Nor should these point-blank inaccuracies lead us to assume TV and film writers are unable to be incisive about gaming, no matter how great the gaffes or unlikely the source of insight. For example, no-one would expect Hackers to say anything particularly astute. The 1995 film is fondly remembered for visualizing databases like Tron, hackers as pretty teenagers boldly garbed in Day-Glo, and modems as running at the "insanely great" speed of 28.8bps. It was not entirely precise.
What Hackers gets no credit for doing, because maybe it didn't mean to, is aptly conflating hacking with gaming. The film hints at their common ludic and cyberpunk themes, themes that 90s hackers like David Troup and Craig Nerdorf talked about: competitive exploration, puzzle-solving, divergence, and futurism. The scene in which Dade beats Kate's Wipeout score, an event that preludes their hacking rivalry, is what best underlines this commonality but the conceit is carried throughout the film.

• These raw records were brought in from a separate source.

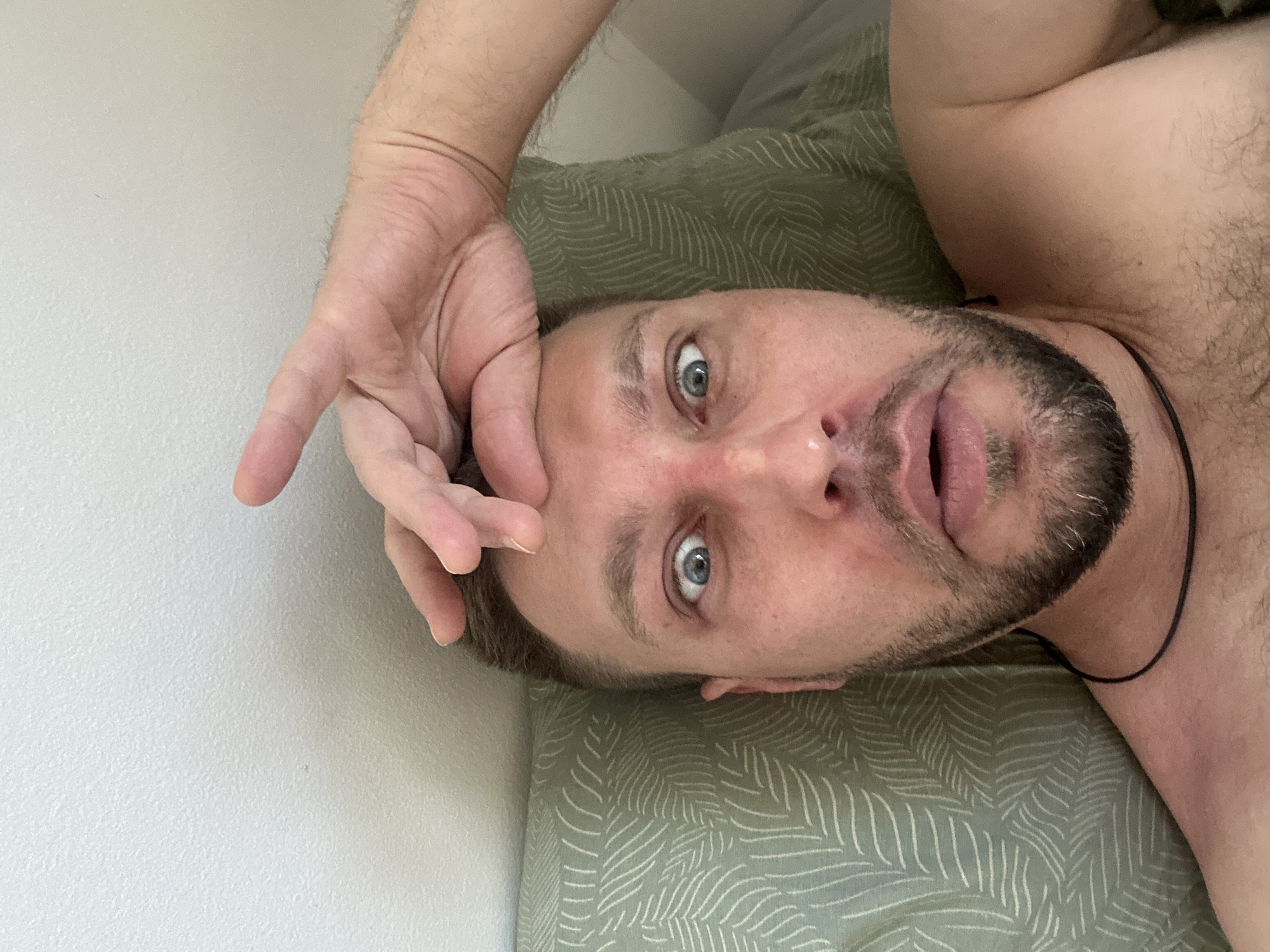 In a close-up, overhead shot, a fair-skinned man with blue eyes and a beard is lying down, looking directly at the camera with a surprised expression. His left hand is raised and touching his forehead. The man is wearing a black cord necklace. He is lying on a green pillow with a white leaf pattern. The background is a plain white wall. The scene appears to be indoors, likely in a bedroom, given the pillow and the man's relaxed posture. The lighting is natural, suggesting it may be daytime. No specific urban features or landmarks are visible to pinpoint a location within Zvezdara Urban Municipality, Serbia.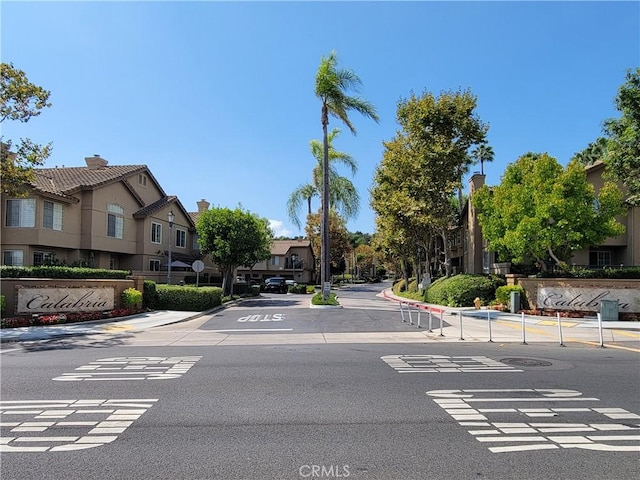 view of road with curbs and a residential view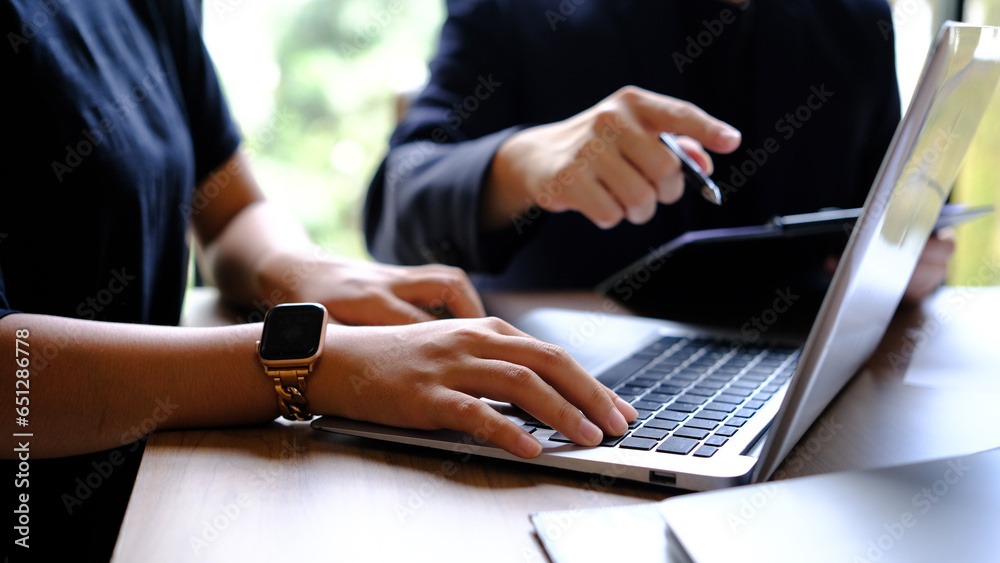 Meeting of business consultants analyzing financial charts and market growth charts to plan investment projects. Meeting of business consultants analyzing financial charts and market growth charts to plan investment projects.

Maybe this interpretation is a stretch. In any case the observations are benign; the film romanticizes gaming just as it does hacking. Often with inaccurate portrayals of gaming, it's not the errors themselves that rile us but the vitriolic agenda from which they come. Law and Order's infamous tripe about obese, addicted, socially inept gamers is laced with political rhetoric, while CSI regularly plays to games-cause-violence headlines. 2009's Gamer has a potentially smart plot about players controlling humans in real-life shooter and social games, but takes both genres to absolute extremes in a feeble excuse to glorify violence and depravity rather than comment on it. When non-fiction bias spills over into fiction, the inaccuracies are the easy targets for us to shoot down first.